The Christian spirit is one of humility and gentleness and submission to one another in Christ. We may hold to some very strong opinions about theology or politics or social issues or even that most volatile issue of all, how to raise our own families. And some of those opinions may be good, and others maybe not.
In either case, I would caution us about forming opinions too quickly, too unwisely, or voicing them too loudly. Allow God time to heal your eye, so that your opinions might come from our Holy Tradition and a Christian spirit, and not from a darkened intellect, or from ego, or from the vain philosophies of this fallen world. Embrace humility, listen deeply, speak little, and gain much. Now it could be that I have already offended some who might be thinking, “Father wants us all to think like he does and be good little cookie-cutter Christians!” If that’s the case, you may have misunderstood my meaning.
One thing I will add is that in the early stages of our Christian journey, we will all tend to think first in terms of our individualism and our so-called responsibility to ourselves, rather than the Body of Christ and our true responsibility to one another. To get from here to there is a process called right formation. We come to Christ rather badly formed. This is what our Lord referred to as the “darkness” within us. A bad eye leads to bad thoughts and opinions, which in turn leads to bad formation. As we act on the ideas that have little or nothing to do with Christ, we shape our souls in wrong ways, and quite likely the souls of those around us as well. To be properly spiritually formed in Christ should be the desire and pursuit of every person in the Church. However, this is not always the case as some Orthodox people seem to have no concept of spiritual formation.
Somehow, and perhaps we know how, it is possible for people to go years in the Church and remain untouched by the experience. Like a marriage that never quite “takes” and the two remain two rather than becoming one, Orthodox Christians can be married to Christ but never be formed in His image, never be truly united to Him. We can remain just as worldly and clueless in our thoughts and actions as any person who doesn’t know the Lord.
To paraphrase Strother Martin from Cool Hand Luke, “What we have here is a failure of formation,” or rather, a wrong formation in accordance with the world, and not a right formation in accordance with Christ. How can spiritual formation fail? Most often because a person never fully engages the faith or lives their Orthodoxy intentionally.

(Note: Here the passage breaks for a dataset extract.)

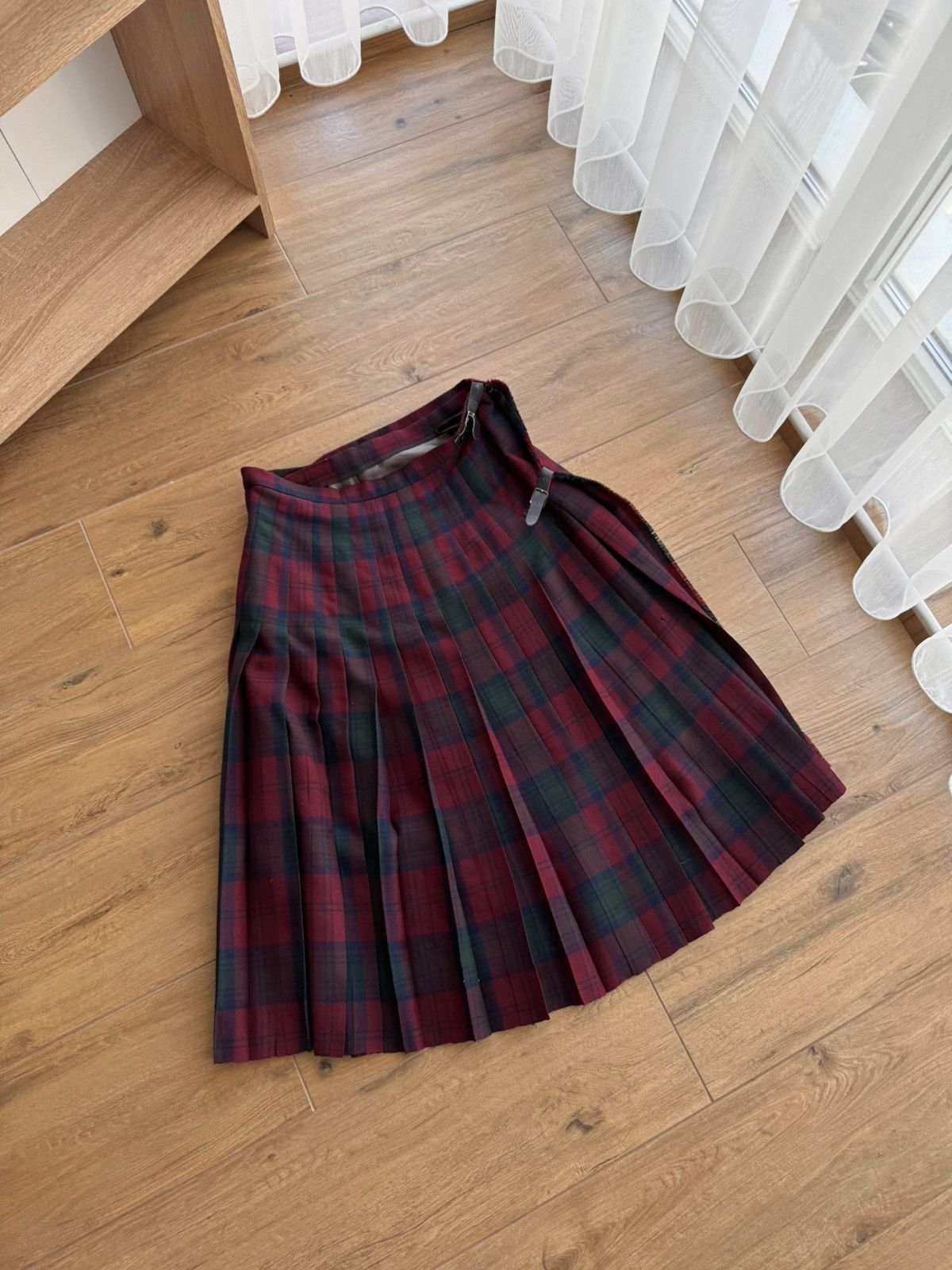 Pringle Of Scotland × Vintage Vintage Pringle of Scotland Tartan Red Wall Skirt Kilt Size 30" / US 8 / IT 44 - 3 Thumbnail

That might be because we just don’t pay attention, or it might be because of the little compromises we sometimes make with our faith. We might compromise our prayers, our tithe, the fasts, church attendance, our thought life, our moral actions, our lifestyle choices and so on.

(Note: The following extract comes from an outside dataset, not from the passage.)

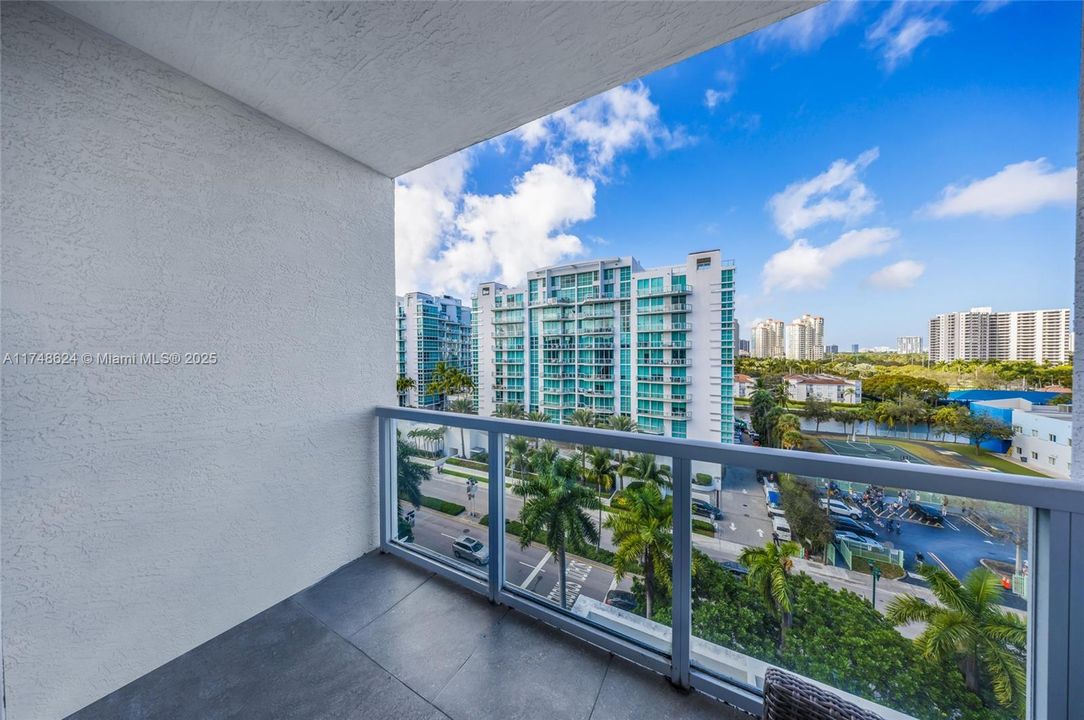 En Venta: $849,000 (3 camas, 2 baños, 1833 Pies cuadrados)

We are often so willing to settle for less than for more of God. We might never study our faith or seek to be informed by it. We may flee from the Cross in our lives, always seeking an easier way. Our little compromises can lead up to one big failure in our life, a failure that none of us would choose, if we took the time to think it through. Now of course we are all sinners and fail God in many ways. But the biggest failure of all would be to prevent the formation of Christ within us by negligence or compromise. Fortunately, the solution is easily available. It’s called repentance.

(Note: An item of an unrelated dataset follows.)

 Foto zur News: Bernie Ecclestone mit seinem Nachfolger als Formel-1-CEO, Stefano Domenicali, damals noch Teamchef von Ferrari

Take seriously the instructions the Church gives as if they were the very words of life, falling from the lips of Jesus Himself. Gather them up and take them into your heart and allow them to change you. The daily laying aside of ourselves and a humble obedience to Christ is the medicine that will heal our eyes and fill our bodies with divine and everlasting light. +To the Glory of God the Father, Son, and Holy Spirit. Amen.